With more lobbyists and more money pouring into state capitals such as Annapolis, many people inside and outside the General Assembly say an overhaul of ethics rules and enforcement procedures is needed soon. Legislative leaders have called for a year-long commission to recommend changes.
"I think the system has not kept up with the demands of the [legislators'] job," said Del. Kenneth C. Montague Jr. (D-Baltimore), the other co-chairman of the Joint Committee on Legislative Ethics. "The face of things is changing. Pretty soon we're going to have to acknowledge that and make some decisions."
Maryland's 188 legislators are paid about $30,000 a year and meet annually for 90 days, with occasional committee meetings throughout the year. Like part-time legislators in other states, most have outside professions that are touched in varying ways by the General Assembly's work.
And that creates the potential for conflicts of interest. Lawyers are involved with setting the salaries of judges before whom they appear. Teachers help set policies that could affect their own pensions. And employees of the University of Maryland and other colleges are called on to vote on extra funds for the institutions that provide them a paycheck.
Public disclosure of potential conflicts is the best way to deter officials from abusing their influence, academics and lawmakers widely agree. But constructing a fair and meaningful disclosure system, they say, is a difficult balancing act: Legislators shouldn't be frightened away from voting on most issues, but they should be discouraged from backing legislation that would benefit them in ways the average person would not share.
Under current law, legislators are instructed to disclose any potential conflict regarding issues in which they have an interest "distinct from that of the general public." But reviews of disclosure forms suggest widely varying interpretations of this requirement: Some legislators make voluminous disclosures, while others make vague or incomplete disclosures and, in at least several cases in recent years, failed to disclose potential conflicts.
Young, for instance, did not disclose the payments he was receiving from health care companies with business before the state. Last year, Sens. Barbara A. Hoffman (D-Baltimore) and Gloria G. Lawlah (D-Prince George's) told the ethics committee of their financial arrangements with universities receiving state funds only after inquiries from The Washington Post.
Some disclosures, such as Palumbo's 1997 form, satisfy the minimum requirements of the law, but do not shed light on potential conflicts.
Palumbo said in an interview that his document was "a general disclaimer" to acknowledge his occasional law practice before state agencies. He said he tries to file a more specific disclosure when he represents a particular client before agencies such as the Motor Vehicles Administration.

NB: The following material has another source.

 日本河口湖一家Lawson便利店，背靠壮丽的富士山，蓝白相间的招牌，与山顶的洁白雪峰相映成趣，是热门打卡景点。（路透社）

His public file, however, contains only one reference to particular client, and the agency involved was a water utility.
Another Prince George's delegate, Nathaniel Exum, annually files forms stating that he works for Joseph Smith & Sons Inc., which tows and scraps junk cars and has contracts with some government agencies. Some of his disclosures shed little light, such as the 1995 form in which he wrote simply that he represents the company "before various state agencies on no specific date."
After filing such disclosures, the overwhelming majority of legislators vote on topics in which they have acknowledged "the appearance or presumption of a conflict of interest." They are able to do so after signing a preprinted form declaring that they believe they can act "fairly, objectively and in the public interest."

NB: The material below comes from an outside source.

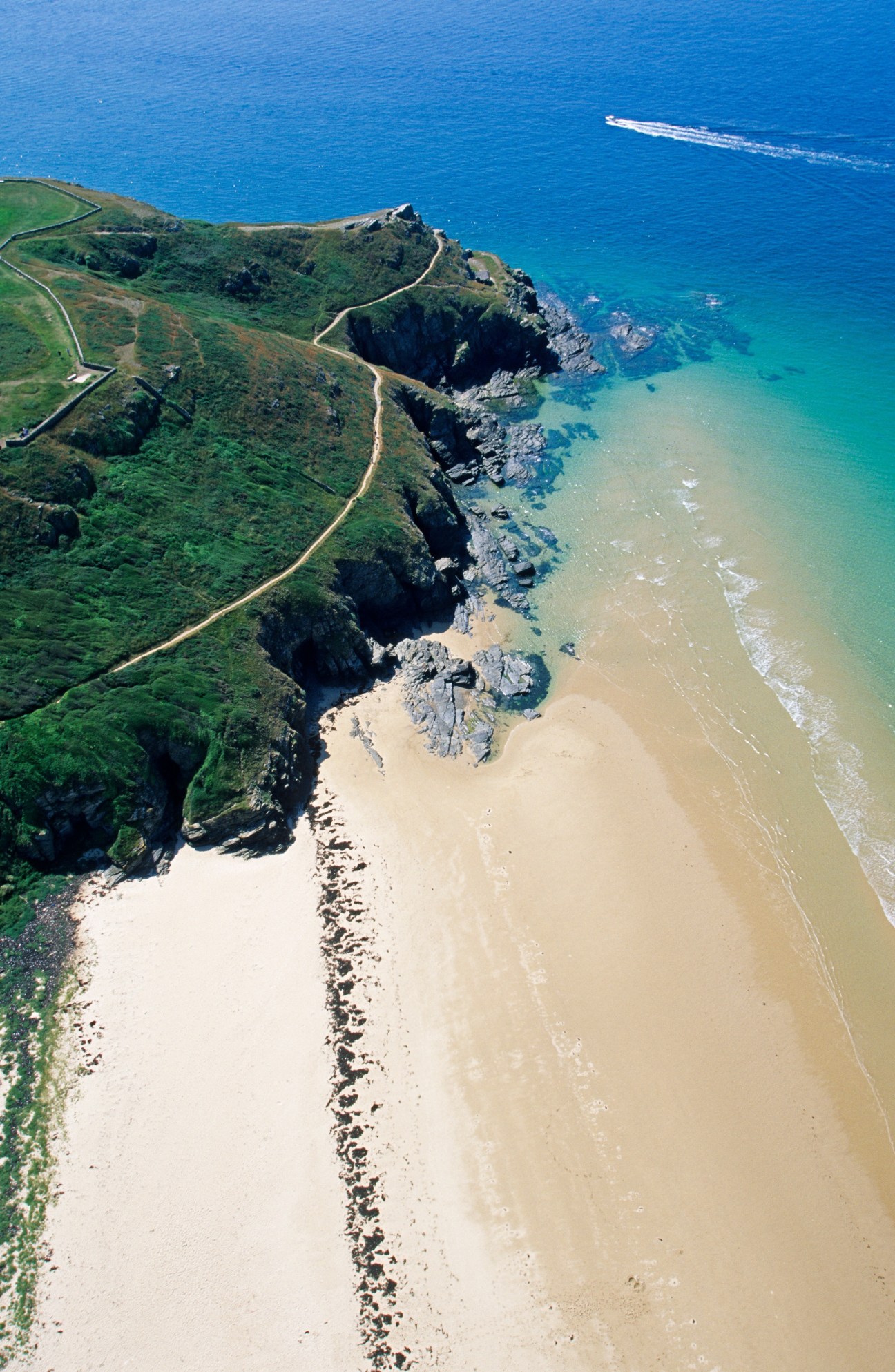 Aerial view of a green coastal headland with rocky outcrops meeting a sandy beach and turquoise ocean.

Sometimes, they sign such documents even when the conflicts appear severe. In 1996, for instance, Sen. Norman R. Stone Jr. (D-Baltimore County) said he was acting in the public interest when he championed a bill that could have enriched his full-time employer, millionaire lawyer and Baltimore Orioles owner Peter G. Angelos.
"What they're doing is simply writing themselves waivers," said Kathleen Skullney, executive director of the Maryland chapter of Common Cause. The intent of ethics laws "is to clearly disclose specific conflicts of interests. And there is in the law the presumption that you are disqualified from any legislative activity, such as voting, unless the lawmaker can overcome that legal presumption."
But some legislators disagree. Once lawmakers disclose a possible conflict, they say, it's up to the public to decide whether they vote and act appropriately.
"As I understand, you can do almost whatever you want to do as long as you disclose it," Exum said. "If you disclose it, it's all right."
Skullney urged legislators to overhaul their ethics system before potentially ill-advised changes are pressed by a public that may become disgusted with the recent controversies. "There's a void here that's going to be filled one way or another," she said.
But change may be slow to come to an institution that often seems oblivious to public discontent with politics. On Friday, Collins inadvertently underscored the passivity of the existing monitoring system when reporters asked him if one of Curran's questionable insurance contracts remains in effect. Collins said he didn't know.
"None of you have told me that it's not," he said.